Die Artikel sind für mich der journalistische Tiefpunkt aus ca. dreißig Jahren, in denen ich beide kenne!
(Und wenn man gerade darüber nachdenkt, die Hoffnung aufzugeben, kommt sowas hier: Rezo’s Zerstörung der Presse. Spoiler: das Video ist eine verkappte Liebeerklärung an den Journalismus!) [ENDE UPDATE]
Was bleibt mir jetzt also noch übrig, wenn ich mich objektiv informieren will?
Rohdaten vom Robert-Koch-Institut runterladen, in eine Tabellenkalkulation übertragen um die Kurven und Entwicklungen wirklich zu verstehen.

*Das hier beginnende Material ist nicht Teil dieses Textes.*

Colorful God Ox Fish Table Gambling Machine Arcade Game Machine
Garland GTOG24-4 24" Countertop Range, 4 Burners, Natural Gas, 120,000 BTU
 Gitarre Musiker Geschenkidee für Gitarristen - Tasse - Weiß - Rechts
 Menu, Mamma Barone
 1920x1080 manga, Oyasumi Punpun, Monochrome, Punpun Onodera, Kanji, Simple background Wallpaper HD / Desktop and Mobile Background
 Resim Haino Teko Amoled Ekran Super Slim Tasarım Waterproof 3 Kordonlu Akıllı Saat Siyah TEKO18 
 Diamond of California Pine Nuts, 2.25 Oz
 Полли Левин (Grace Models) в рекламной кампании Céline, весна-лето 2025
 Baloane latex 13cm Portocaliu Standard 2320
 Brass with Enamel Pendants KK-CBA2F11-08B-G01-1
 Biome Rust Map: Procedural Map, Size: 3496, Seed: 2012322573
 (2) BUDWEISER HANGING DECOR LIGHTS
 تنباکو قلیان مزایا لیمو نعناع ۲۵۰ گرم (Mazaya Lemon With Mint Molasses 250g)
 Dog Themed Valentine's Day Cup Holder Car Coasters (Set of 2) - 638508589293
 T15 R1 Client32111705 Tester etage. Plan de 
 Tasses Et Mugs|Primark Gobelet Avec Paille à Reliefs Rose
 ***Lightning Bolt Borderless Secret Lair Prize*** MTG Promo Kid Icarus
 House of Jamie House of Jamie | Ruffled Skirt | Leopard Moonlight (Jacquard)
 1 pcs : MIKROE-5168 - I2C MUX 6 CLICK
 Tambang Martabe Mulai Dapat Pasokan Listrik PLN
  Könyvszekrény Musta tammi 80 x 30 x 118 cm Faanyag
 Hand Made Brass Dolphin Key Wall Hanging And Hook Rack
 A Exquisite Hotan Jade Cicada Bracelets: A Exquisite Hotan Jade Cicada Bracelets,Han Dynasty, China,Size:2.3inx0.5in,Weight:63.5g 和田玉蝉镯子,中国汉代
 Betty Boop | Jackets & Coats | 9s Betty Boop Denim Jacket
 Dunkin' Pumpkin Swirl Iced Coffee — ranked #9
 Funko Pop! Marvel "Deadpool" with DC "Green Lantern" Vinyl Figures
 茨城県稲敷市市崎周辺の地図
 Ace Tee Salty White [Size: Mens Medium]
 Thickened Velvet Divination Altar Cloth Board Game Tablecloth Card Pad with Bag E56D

Um Clickbait zu vermeiden eigene Datenrecherchen, Wissenschaftsmagazine lesen. Und um Hinweise über den Stand der Grundrechte zu finden muss ich die Urteilsbegründungen des Bundesverfassungsgerichts lesen (“Der überaus schwerwiegende [Grundrechts-]Eingriff […] ist deshalb derzeit vertretbar, weil die Corona-Verordnung […] bis zum 19. April 2020 befristet ist.”).
Aber wofür werdet Ihr dann noch benötigt?
- Wenn ich Pressekonferenzen des UKE schauen muss statt der Tagesschau?
- Wenn ich besser Studienpräsentationen lese statt ARD-Extra zu gucken?
- Wenn ich Verfassungsblog und Netzpolitik lesen muss statt Zeit und Frankfurter Allgemeine?
- Wenn ich für Informationen Spektrum der Wissenschaft und Telepolis statt Spiegel und Süddeutsche Zeitung lesen sollte?
Nochmal: Wofür werdet Ihr dann noch benötigt?
Ich weiß es nicht. Es interessiert mich auch jeden Tag weniger.
Aber:
Dank Euch gehe ich in Hamburg auf die nächste Demonstration zugunsten der Grundrechte. Sei es eine „Hygiene-Demo“ oder sonst eine.
Ich werde demonstrieren (in alphabetischer Reihenfolge)
- gegen die AFD
- gegen Bill-Gates-Hasser
- gegen Covidioten
- gegen die G5-Funkmasten-Absäger
- gegen die Maskenpflicht
- gegen Reichsbürger
- gegen Verschwörungstheorien
und für die Grundrechte §1, §2, §4, §5, §8 und §11 Grundgesetz!